Meanjin

Meanjin is where Australia’s literary culture sets out its fiercest ambitions. Quarterly in print and continuously online, each year Meanjin publishes new work by hundreds of Australian writers in all genres and forms. Readers buy, subscribe to and collect Meanjin for its unique role in articulating the Australian cultural moment. 
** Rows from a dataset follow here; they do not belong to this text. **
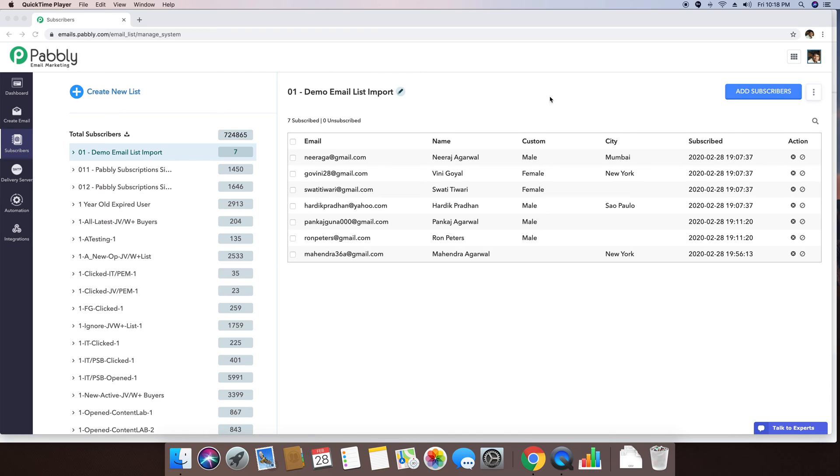In this video, I will explain the entire concept of custom fields within the Pabbly email marketing software.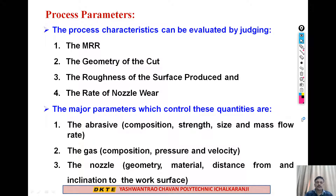Good morning. Up till now we have been discussing abrasive jet machining processes — specifically the difference between traditional and non-traditional machining processes, and the working principle of abrasive jet machining. In this video lecture we are going to cover the different process parameters of abrasive jet machining processes.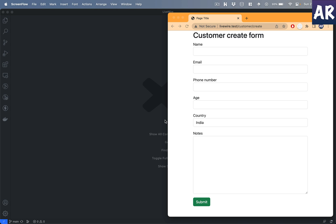Welcome to the channel. Today we are going to look at a few more interesting things we can do with our form using the functionalities available with Livewire 3. So far we have already created a customer create form, but nothing is complete until we have an update form as well. To demonstrate certain real-time features of Livewire, it makes sense to have that update form in place first.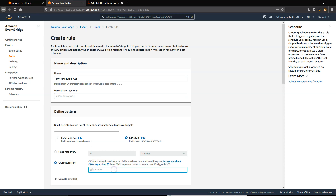This syntax supports many of the wildcards available in typical Linux cron tab. For example, this cron expression runs at 6pm UTC every Monday through Friday. When you enter a valid cron expression, the display updates with the next 10 trigger dates.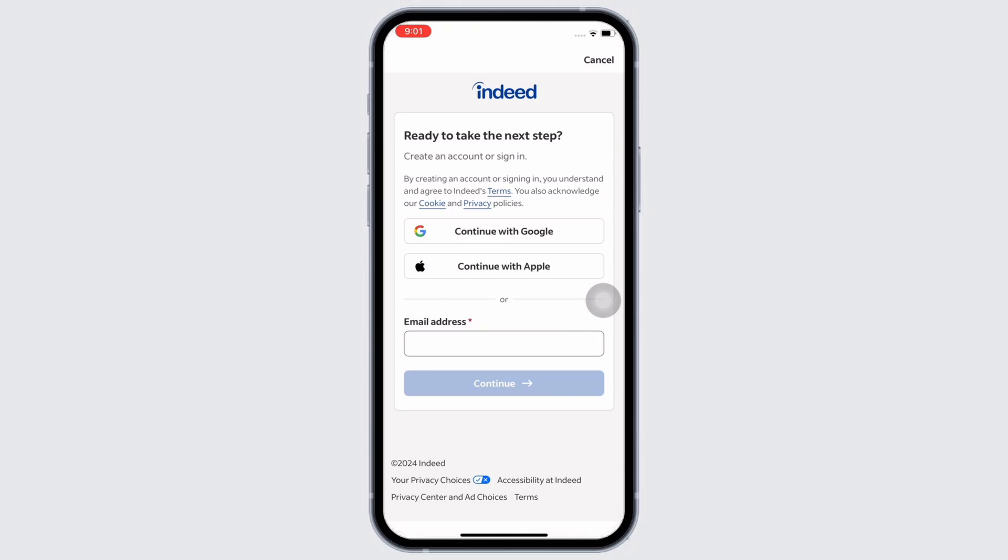However, if you just deleted the account a few hours or few days before, then you might have chances of getting the account back. But if it's been a long time since you disabled the account, then recovering the account is not possible.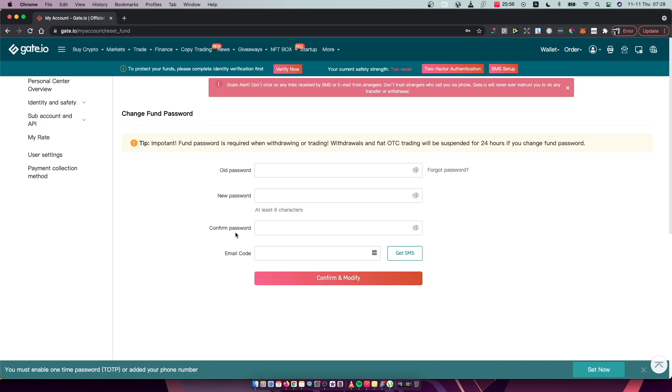And then you need to confirm your password and get the code on email or mobile and put this code here.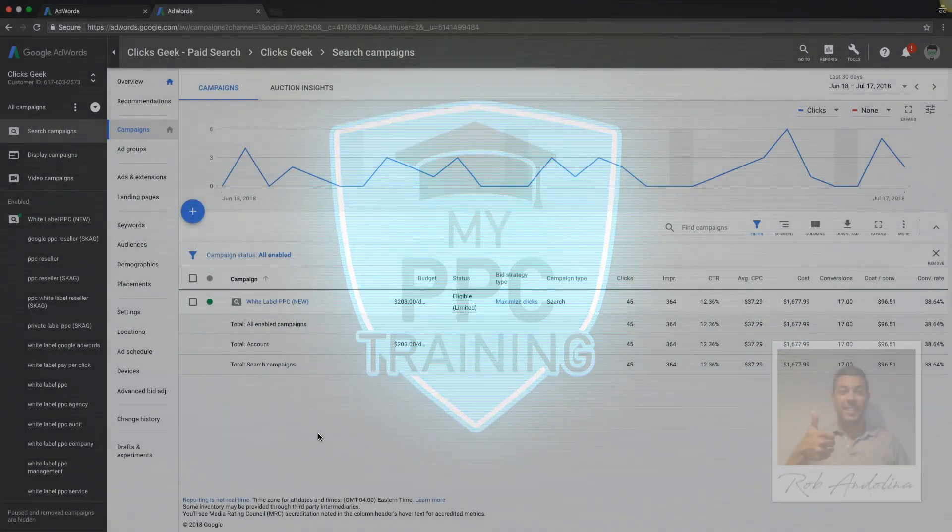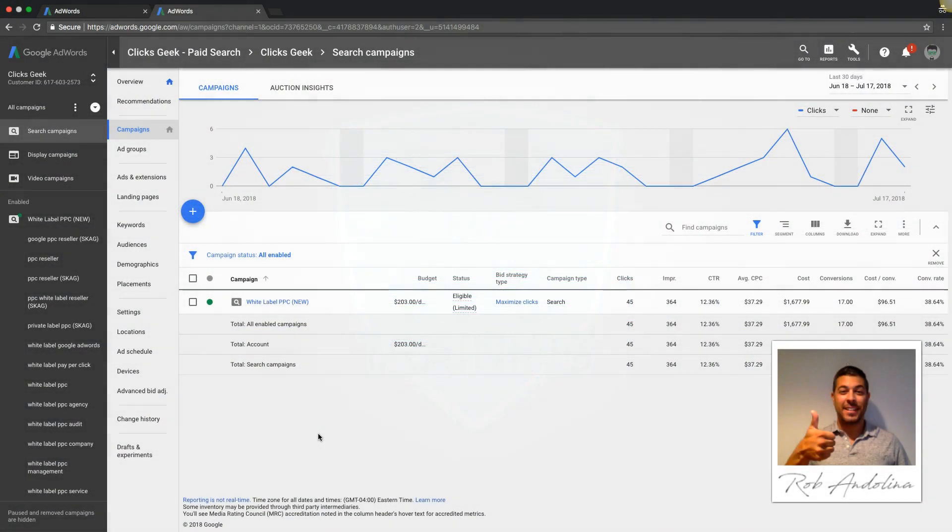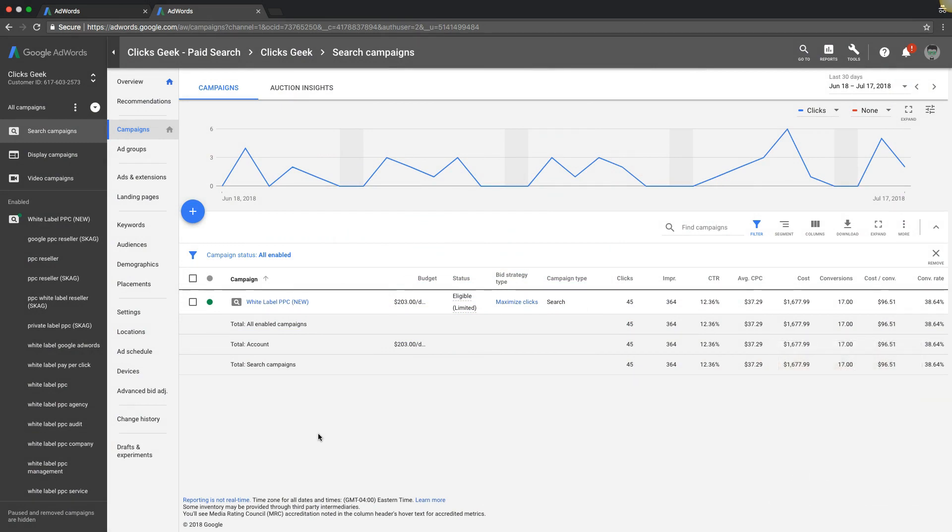What's going on guys, Rob from myppctraining.com. Today I just want to talk about conversion rates and what should be your goal for your conversion rate. Obviously you always want to be increasing your conversion rate as best you can, but when it comes to lead generation and running search campaigns, you want to always have a benchmark.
For over 80 years, Meanjin has fostered a rich and rigorous national conversation by remaining true to its founding principles: “to talk poetry”, “to work for a healthy climate of opinion and literary activity”, and “to make clear the connection between art and politics.” Whether in essay, poetry, fiction, memoir or experimentation, Meanjin writers seek audiences who enjoy critical discussion and, to continue in the words of the Founding Editor, who ask Meanjin writers “to reveal and clarify our life by showing it to us though a vision different from ours and deeper.”

Clem Christesen founded Meanjin in Brisbane in 1940 (the name, pronounced mee-AN-jin, is the word in the Turrbal language for the finger of land on which central Brisbane sits). Meanjinmoved to Melbourne in 1945 at the invitation of the University of Melbourne, and in 2008 became an independent imprint of Melbourne University Publishing.

Reflecting the breadth of contemporary thinking on the defining issues of our times, Meanjin’s work has continued under its subsequent editors—Jim Davidson, Judith Brett, Jenny Lee, Christina Thompson, Stephanie Holt, Ian Britain, Sophie Cunningham, Sally Heath, Zora Sanders, Jonathan Green, and now, Esther Anatolitis.